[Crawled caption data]

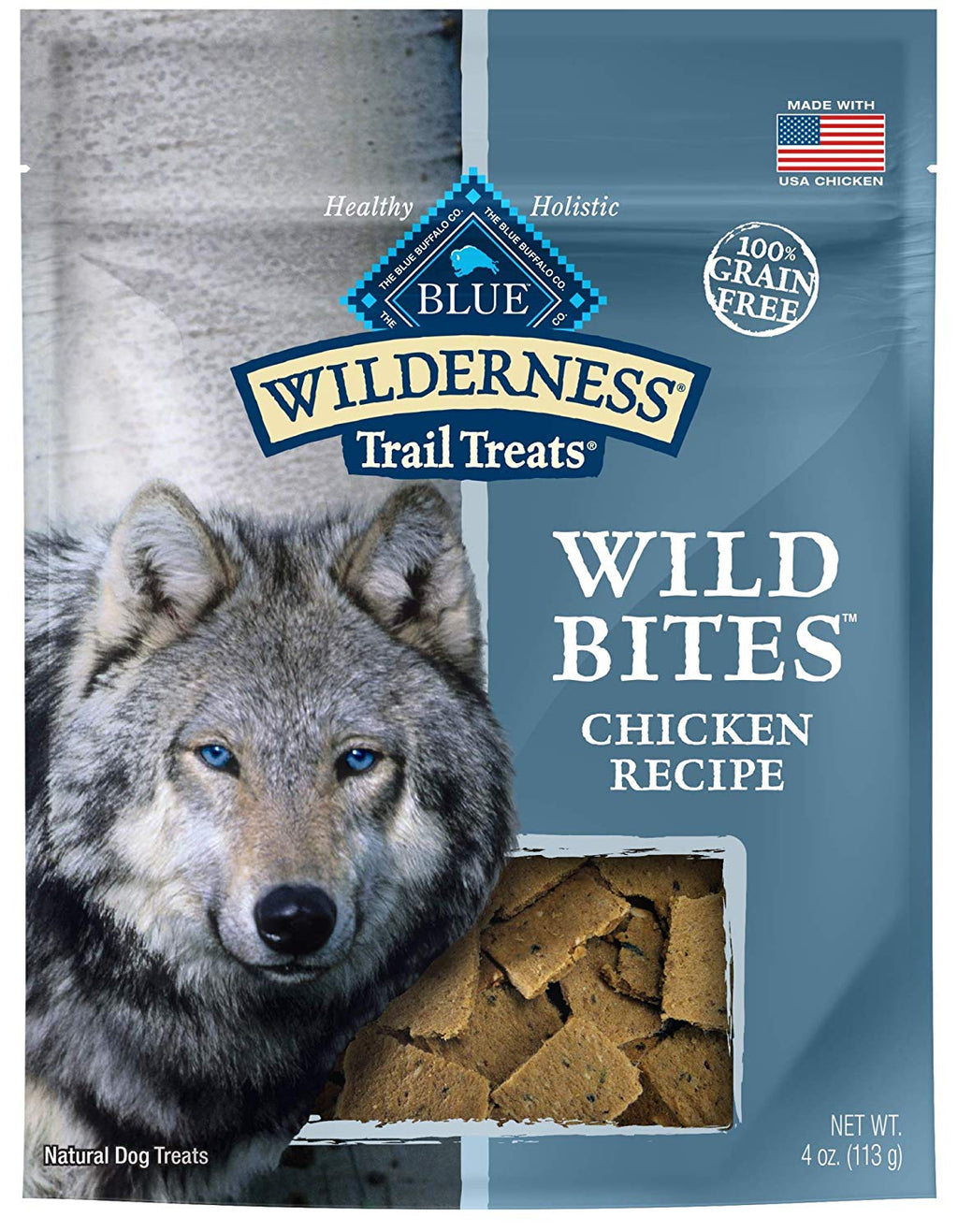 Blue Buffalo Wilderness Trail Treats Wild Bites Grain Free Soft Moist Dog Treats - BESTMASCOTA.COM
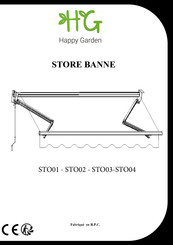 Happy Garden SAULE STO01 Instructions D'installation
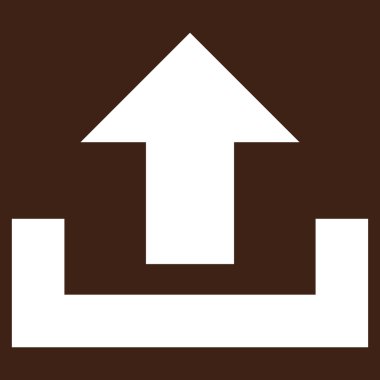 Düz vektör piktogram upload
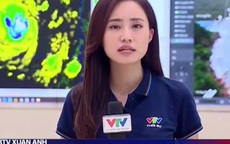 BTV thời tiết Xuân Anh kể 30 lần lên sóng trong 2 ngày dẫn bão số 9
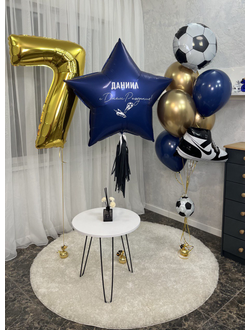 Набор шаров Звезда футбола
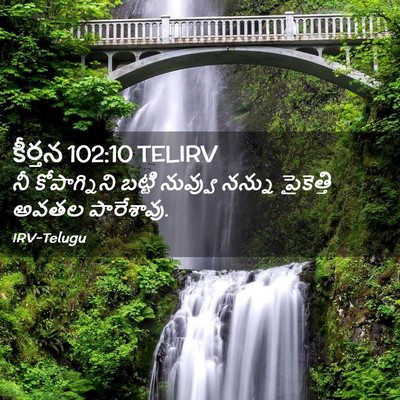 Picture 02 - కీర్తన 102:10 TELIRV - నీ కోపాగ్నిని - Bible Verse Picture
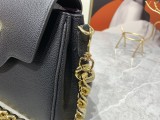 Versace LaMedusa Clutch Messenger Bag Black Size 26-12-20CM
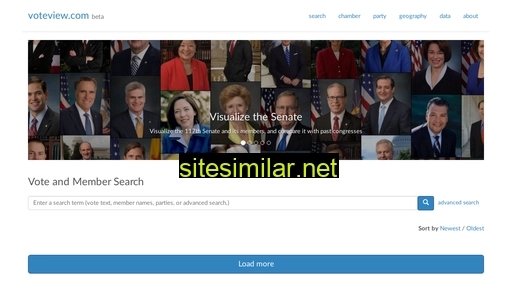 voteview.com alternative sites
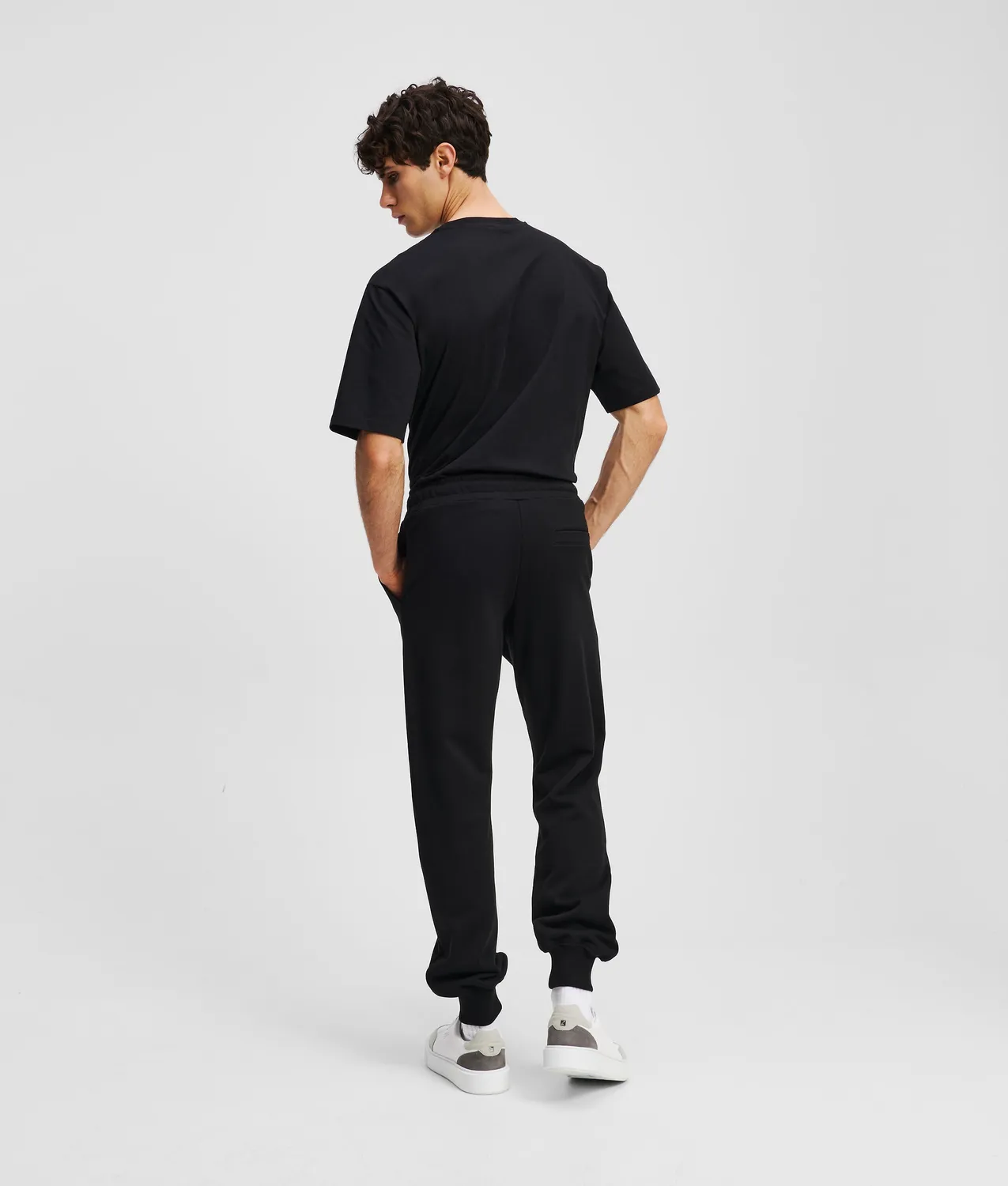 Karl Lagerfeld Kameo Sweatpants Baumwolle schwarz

Problem description: Beginning with the line that contains "Набор шаров Звезда футбола" and ending with the last line of the data, restate each line word for word. Exclude the pictures.

Solution:
 Набор шаров Звезда футбола
 Picture 02 - కీర్తన 102:10 TELIRV - నీ కోపాగ్నిని - Bible Verse Picture
 Versace LaMedusa Clutch Messenger Bag Black Size 26-12-20CM
 voteview.com alternative sites
 Karl Lagerfeld Kameo Sweatpants Baumwolle schwarz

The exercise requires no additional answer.